=== Required work ===
Include the line with "We will now" and every line before it in the entries below, echoed exactly, but not the pictures.

Extracted data entries:
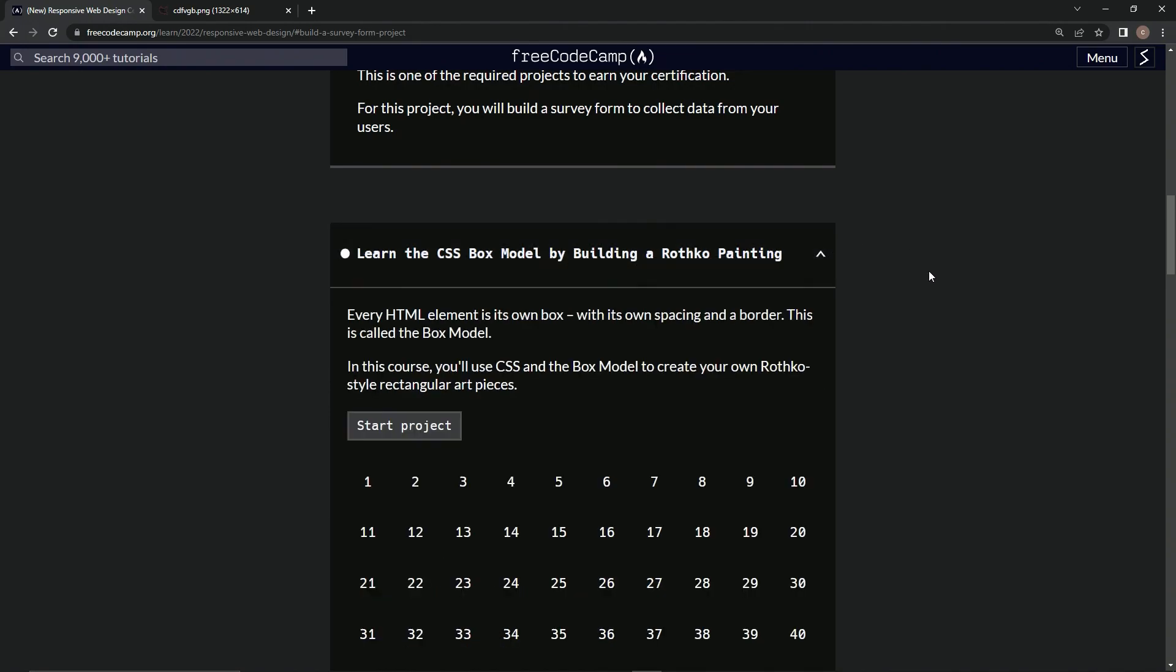All right, every HTML element is its own box with its own spacing and a border. This is called the box model. In this course we're going to use CSS and the box model to create our own Rothko style rectangular art pieces.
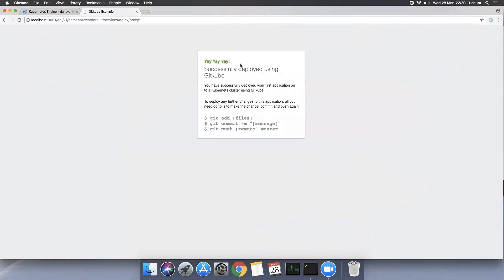Now you don't use kubectl and you don't do any configuration. All you do is commit your code, push it, and that is all you need to do to deploy your application. We believe that Git is a very natural tool for a developer — they do not have to learn anything new or learn patterns around any new tooling. All a developer has to do is configure something initially and follow the basic practice of committing and pushing code. This is why we like Gitcube — it's a simple way for developers to deploy applications on Kubernetes.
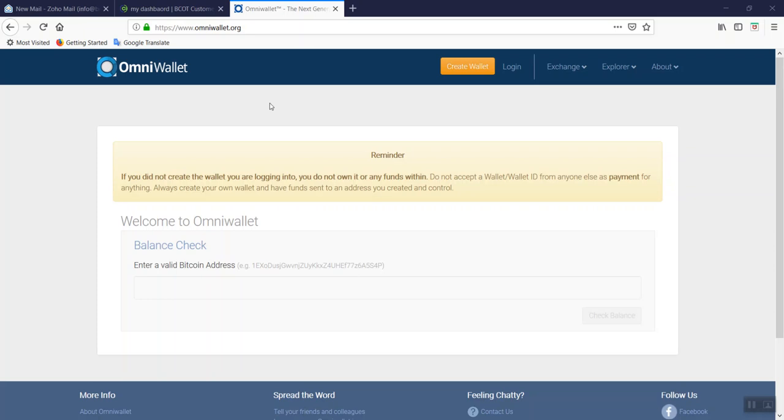We will now demonstrate how to log in to OmniWallet.org. Go to www.omniwallet.org and this screen should come up.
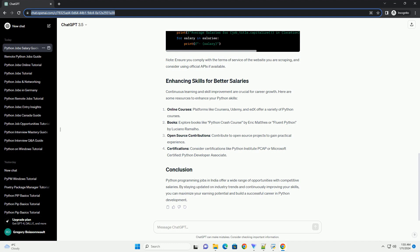Python programming jobs in India offer a wide range of opportunities with competitive salaries. By staying updated on industry trends and continuously improving your skills, you can maximize your earning potential and build a successful career in Python development.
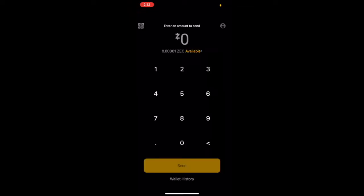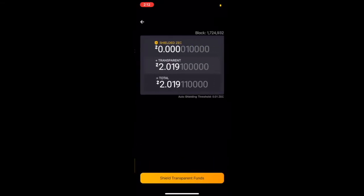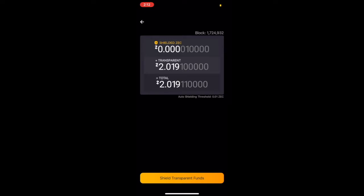So we're going to move to the home screen, and then we're going to click the small group of text that tells us how much ZEC we have available. As you can see, we have a couple ZEC in our transparent wallet that we need to move over to our shielded wallet. All you need to do to do that is click shield transparent funds.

=== Solution for this task ===
All right, every HTML element is its own box with its own spacing and a border. This is called the box model. In this course we're going to use CSS and the box model to create our own Rothko style rectangular art pieces.
Now you don't use kubectl and you don't do any configuration. All you do is commit your code, push it, and that is all you need to do to deploy your application. We believe that Git is a very natural tool for a developer — they do not have to learn anything new or learn patterns around any new tooling. All a developer has to do is configure something initially and follow the basic practice of committing and pushing code. This is why we like Gitcube — it's a simple way for developers to deploy applications on Kubernetes.
We will now demonstrate how to log in to OmniWallet.org. Go to www.omniwallet.org and this screen should come up.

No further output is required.